Data News

Sugeng Suparwoto ungkapkan tantangan geopolitik dan upaya peningkatan investasi

Surabaya, 11 Desember. Ketua Komisi VII DPR RI, Sugeng Suparwoto, menggarisbawahi dampak perang Rusia-Ukraina terhadap proyek kilang minyak Petro Chemical yang melibatkan kerja sama antara Pertamina dan Rusia. Permasalahan geopolitik ini memunculkan kekhawatiran terkait iklim investasi di Indonesia. Dengan nilai investasi mencapai US$23 miliar atau hampir Rp500 triliun, proyek tersebut memerlukan kebijakan baru untuk mengatasi kendala yang dihadapi.

"Sugeng Suparwoto menegaskan bahwa proyek ini layak dibangun sebagai proyek strategis nasional yang sangat dibutuhkan untuk ketahanan migas," ujar Sugeng.

Hal ini disampaikan oleh Sugeng ketika memimpin Kunjungan Kerja Reses Komisi VII DPR RI ke Surabaya.
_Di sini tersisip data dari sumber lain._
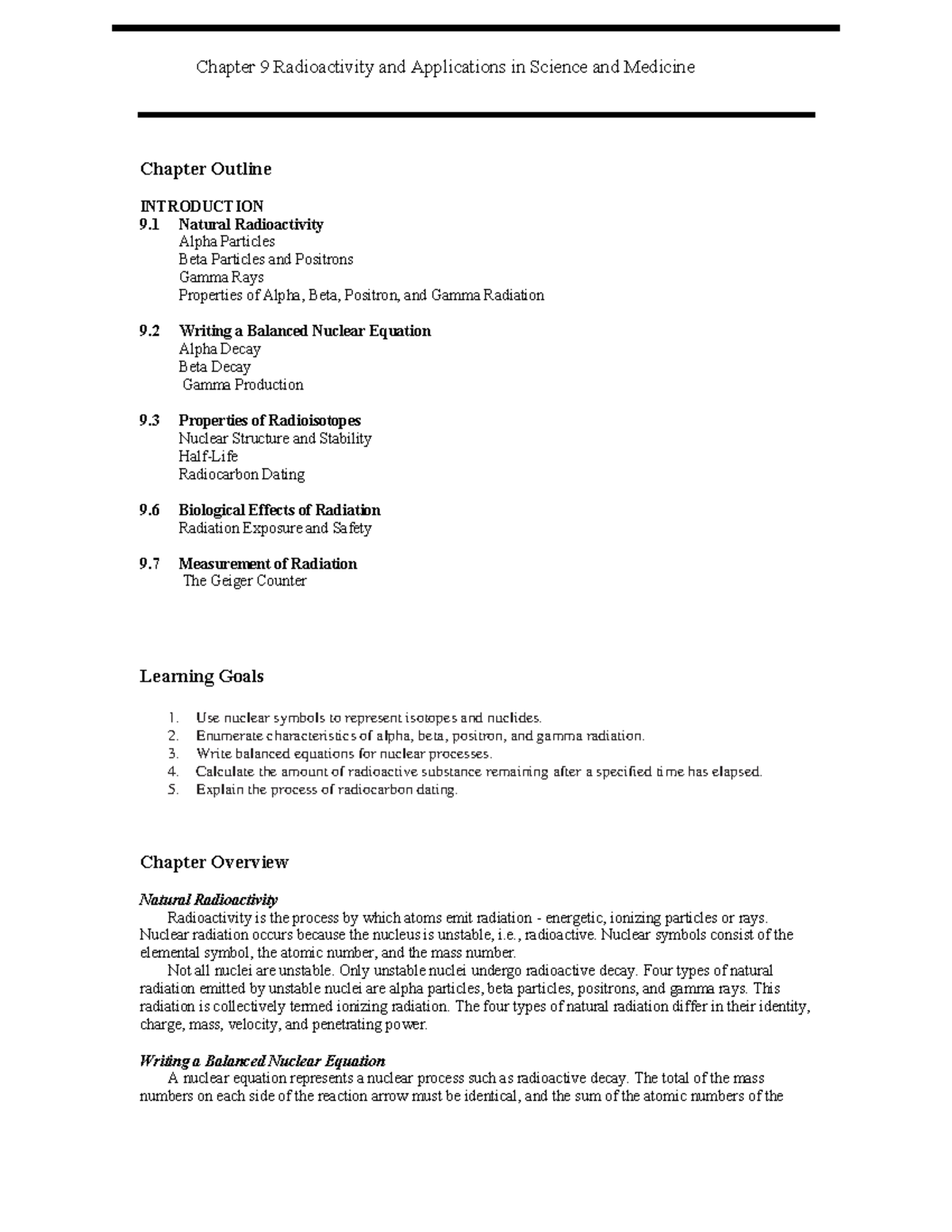 Chapter 9 Summary - Good - Chapter 9 Radioactivity and Applications in ...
Legislator Partai NasDem itu menyoroti pentingnya mendiskusikan proyek ini secara mendalam dengan pihak-pihak yang berkepentingan, mengingat besarnya nilai investasi dan dampak politik internasional.

Selain itu Pertamina juga setuju untuk meningkatkan komunikasi dengan pemerintah setempat, khususnya di Tuban, di mana proyek-proyek strategis berkontrast dengan kondisi daerah yang masih dihadapkan pada tingkat kemiskinan.

Sugeng menekankan bahwa pertemuan ini bertujuan untuk merumuskan langkah-langkah agar investasi di sektor industri dapat memberikan dampak positif pada kesejahteraan masyarakat setempat.

"Jika Rusia tidak mampu meneruskan proyek ini, maka harus dicari alternatifnya seperti apa,” ungkap Sugeng.

Kutipan Sugeng Suparwoto mencerminkan komitmen untuk menjaga keberlanjutan proyek sambil mengakui perlunya adaptasi terhadap perubahan kondisi geopolitik yang dapat mempengaruhi proyek tersebut.